Model UN Team Competes at Conference

Nineteen members of NMH’s Model UN team recently attended the 38th Annual Philips Andover Model UN Conference (PAIMUN XVIII) — for many of them, their first-ever conference — with three receiving awards for their work.  

The conference, which was run by students, included three committees: The UN General Assembly addressed the conflict in Sudan. The Disarmament and International Security Committee addressed the use of artificial intelligence in warfare. There was also an Ad Hoc Committee, which Priya Chatterjee ’25 described as a “crisis committee,” that, in this case, addressed the storming of the Bastille during the French Revolution. “Unlike regular committees, we received topics on the spot and dealt with crises in real time,” Chatterjee noted.

Model UN team in a group

The NMH team was led by Gab Alingog ’24, who took part in the Ad Hoc Committee along with Chatterjee. “Priya and I competed as part of the Revolutionary side against the Royalists to storm the Bastille during the French Revolution,” Alingog said. “I was Marquis de Lafayette and I controlled the military of our side.” 

Alingog was named Best Delegate for her work on the committee. Chatterjee, who admitted being “a bit nervous” about serving on an Ad Hoc Committee for the first time, was named Outstanding Delegate for her work representing journalist and politician Jean-Paul Marat. 
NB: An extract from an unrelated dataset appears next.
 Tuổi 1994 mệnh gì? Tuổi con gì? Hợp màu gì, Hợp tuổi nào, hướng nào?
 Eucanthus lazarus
Kelvin Cheung ’25 sat on the Disarmament and International Security Committee. “I represented Sweden on the topic of reducing military use of artificial intelligence,” he said. “We [were] trying to find a solution to ending the use of lethal autonomous systems.” All the delegates were in agreement about the overall goal, he said, so the committee members spent their time debating which nation presented the most detailed plan for achieving that goal. 
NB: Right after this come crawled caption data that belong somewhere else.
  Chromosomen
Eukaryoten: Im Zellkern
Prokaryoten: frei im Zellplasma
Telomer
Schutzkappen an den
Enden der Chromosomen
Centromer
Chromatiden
Priya Chatterjee ’25 with certificate

As was the case for a number of his teammates, this was Cheung’s first Model UN conference. “I observed quietly at the start to learn the process,” he said. Once he felt comfortable, he began making the case for his ideas — to limit the use of AI in offensive actions and to establish AI training programs and partnerships in developing countries — in caucuses. His ideas were accepted into the core of the committee’s proposal, and he persuaded other delegates to join his bloc. “As I was very vocal during the second half of the committee meeting, I became a spokesperson for my committee and later became the bloc leader,” said Cheung, who earned an Honorable Mention for his work. “The two most valuable things I gained from attending the summit were experience and friendship,” he said.

The Andover conference was the last Model UN event of Alingog’s high school career. “I [was] happy to see many of our delegates competing for the first time and how eager they [were],” she said. “It reminded me of my first competition and made me extremely grateful for the opportunities that NMH presents its students.” 

"We are proud of our NMH delegates, who engaged with their peers at PAIMUN XVIII with exceptional diplomacy, open-mindedness, and respect,” said teacher Tiffany Thiri who advises the team along with Katie Hunt. “We are grateful to Philips Andover for providing such an excellent platform for our students to engage in high-level debates about critical global issues alongside their peers."